Sharon met Robert on an Internet dating site. She liked telling people he was a widower; it sounded so sweet and old-fashioned, which was actually a very good description of him. Their courtship moved through the proper progression of dinner and movie dates until, finally, he invited her over to meet his seven-year-old daughter, Bianca.
Sharon was nervous. She didn’t have any children of her own, though she’d always wanted them. She had put it off because of her career – all through her twenties and early thirties she had worked as an actress and print model – and then, when she and her husband-at-the-time had started trying, she couldn't get pregnant. It had turned out that the problem was his, and when she began looking into other options, their already-fragile marriage began to fall apart.
Sharon parked her car in front of Robert’s house and looked at herself in the rear-view mirror. She had a wide forehead and symmetrical features: blue eyes beneath carefully-shaped brows, a proportional nose and mouth. She now ran a small modeling agency instead of doing any modeling herself, and it should have been a relief not to constantly worry about her looks, but of course she did anyway. She still went to the gym five days a week and bought ridiculously expensive cosmetics. She'd spent an hour getting ready tonight, but now she noticed that her recently-highlighted hair looked limp, and face powder had settled into the creases beneath her eyes. She pulled a tube of lipstick from her purse and dabbed some on with her finger, rubbing the pink excess onto the back of her hand when she was done. She took a last look at herself before getting out of the car and walking to the front stoop of Robert’s house: a brick colonial much too large for one man and one little girl.

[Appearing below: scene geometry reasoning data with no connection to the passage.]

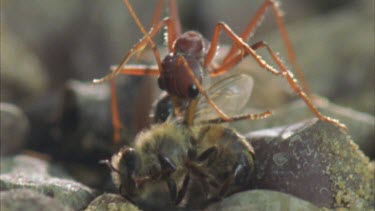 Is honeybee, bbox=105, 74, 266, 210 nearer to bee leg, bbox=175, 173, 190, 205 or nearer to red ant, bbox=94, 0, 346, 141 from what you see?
bee leg, bbox=175, 173, 190, 205

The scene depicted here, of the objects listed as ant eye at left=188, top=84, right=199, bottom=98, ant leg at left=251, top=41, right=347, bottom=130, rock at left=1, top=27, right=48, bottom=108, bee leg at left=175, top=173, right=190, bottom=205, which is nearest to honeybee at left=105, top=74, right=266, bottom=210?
bee leg at left=175, top=173, right=190, bottom=205

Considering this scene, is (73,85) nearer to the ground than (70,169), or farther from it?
farther from it

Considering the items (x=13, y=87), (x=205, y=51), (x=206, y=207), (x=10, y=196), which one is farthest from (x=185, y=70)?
(x=13, y=87)

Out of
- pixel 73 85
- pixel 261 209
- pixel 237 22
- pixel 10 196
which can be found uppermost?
pixel 10 196

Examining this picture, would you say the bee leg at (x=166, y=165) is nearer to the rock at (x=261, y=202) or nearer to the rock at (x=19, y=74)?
the rock at (x=261, y=202)

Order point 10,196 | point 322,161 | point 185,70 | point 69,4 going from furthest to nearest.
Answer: point 69,4
point 185,70
point 322,161
point 10,196

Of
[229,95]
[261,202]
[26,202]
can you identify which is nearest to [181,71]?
[229,95]

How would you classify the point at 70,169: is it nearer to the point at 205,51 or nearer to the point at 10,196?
the point at 205,51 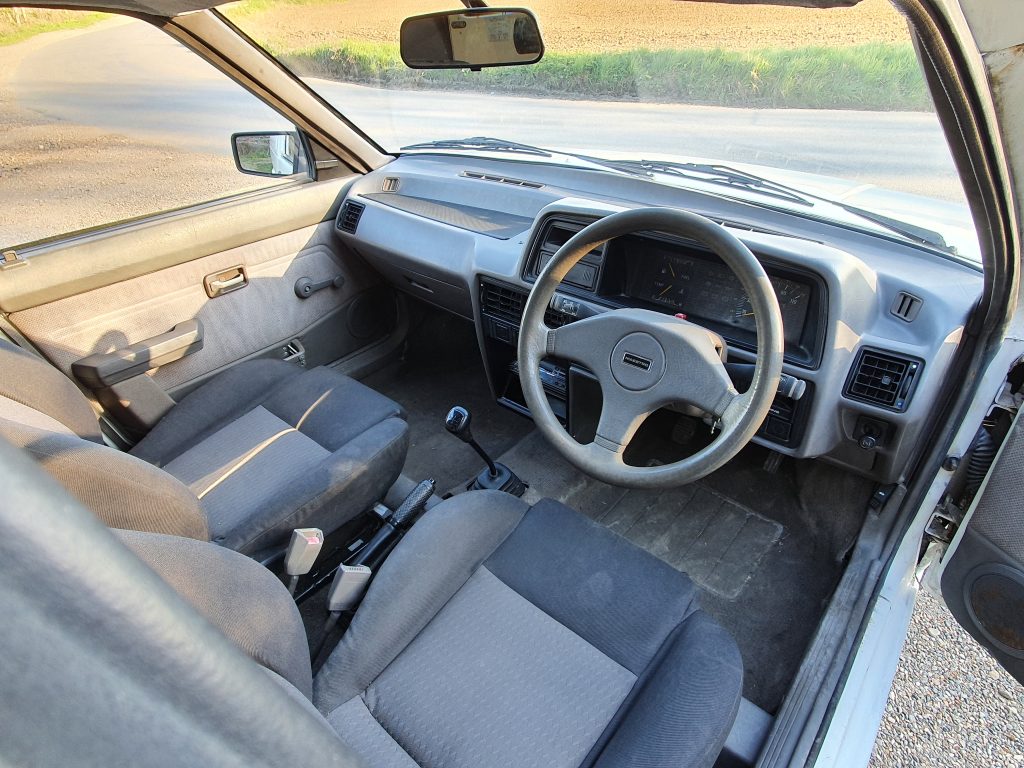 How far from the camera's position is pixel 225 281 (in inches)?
92.8

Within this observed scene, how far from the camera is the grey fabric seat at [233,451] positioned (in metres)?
1.24

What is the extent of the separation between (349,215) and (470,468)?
3.82ft

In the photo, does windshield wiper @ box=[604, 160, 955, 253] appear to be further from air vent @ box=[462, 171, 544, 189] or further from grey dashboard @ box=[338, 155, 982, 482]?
air vent @ box=[462, 171, 544, 189]

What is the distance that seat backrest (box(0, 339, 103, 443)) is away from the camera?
1537 mm

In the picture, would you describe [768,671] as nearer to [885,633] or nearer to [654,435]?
[885,633]

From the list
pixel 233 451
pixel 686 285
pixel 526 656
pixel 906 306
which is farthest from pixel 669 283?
pixel 233 451

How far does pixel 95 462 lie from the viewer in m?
1.24

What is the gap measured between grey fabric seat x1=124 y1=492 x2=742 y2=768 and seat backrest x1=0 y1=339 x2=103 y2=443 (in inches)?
34.0

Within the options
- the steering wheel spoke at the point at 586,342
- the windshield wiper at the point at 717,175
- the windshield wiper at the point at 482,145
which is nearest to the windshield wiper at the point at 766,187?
the windshield wiper at the point at 717,175

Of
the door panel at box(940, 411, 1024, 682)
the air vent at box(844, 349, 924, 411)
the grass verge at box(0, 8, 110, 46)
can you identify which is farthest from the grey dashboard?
the grass verge at box(0, 8, 110, 46)

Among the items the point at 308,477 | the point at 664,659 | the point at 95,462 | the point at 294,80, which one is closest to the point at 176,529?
the point at 95,462

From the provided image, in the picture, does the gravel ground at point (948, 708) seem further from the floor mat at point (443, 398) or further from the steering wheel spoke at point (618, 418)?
the floor mat at point (443, 398)

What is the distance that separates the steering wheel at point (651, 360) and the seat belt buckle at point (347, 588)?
534 mm

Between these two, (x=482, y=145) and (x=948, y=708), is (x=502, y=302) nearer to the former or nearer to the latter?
(x=482, y=145) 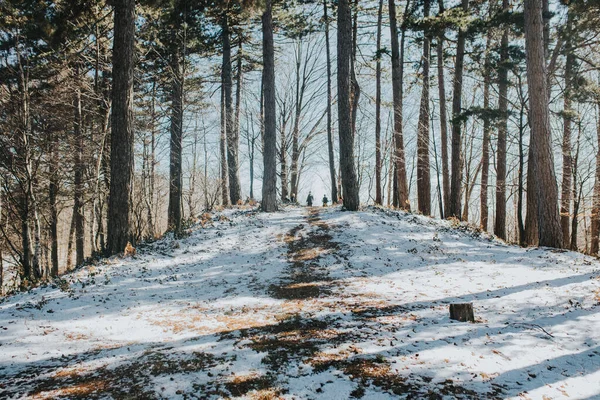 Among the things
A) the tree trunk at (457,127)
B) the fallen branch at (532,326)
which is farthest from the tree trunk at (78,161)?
the tree trunk at (457,127)

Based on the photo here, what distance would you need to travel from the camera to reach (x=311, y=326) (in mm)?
Result: 4219

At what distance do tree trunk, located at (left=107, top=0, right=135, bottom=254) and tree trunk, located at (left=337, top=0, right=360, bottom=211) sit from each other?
617 cm

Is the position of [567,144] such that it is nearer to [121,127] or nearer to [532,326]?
[532,326]

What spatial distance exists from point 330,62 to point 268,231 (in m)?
12.1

Sharon rang the bell and took a deep breath, ready to say a cheerful hello. The door opened, but she was so unprepared for what she saw that she coughed instead. The girl standing before her was tall for seven, thin, and shockingly pale. Her long legs descended from cotton shorts like bleached white bones, and her face seemed to glow with a bluish tinge from veins underneath the skin. Her red lips were chapped, and she looked at Sharon with dark eyes, each pupil indistinguishable from the iris. Her black hair hung in tangles down her back, and she stuck two fingers into it, pulling at a knot.
Sharon pressed her hand against her chest and smiled brightly, something she could always fake. “You must be Bianca,” she said. I’m your daddy’s friend, Sharon.”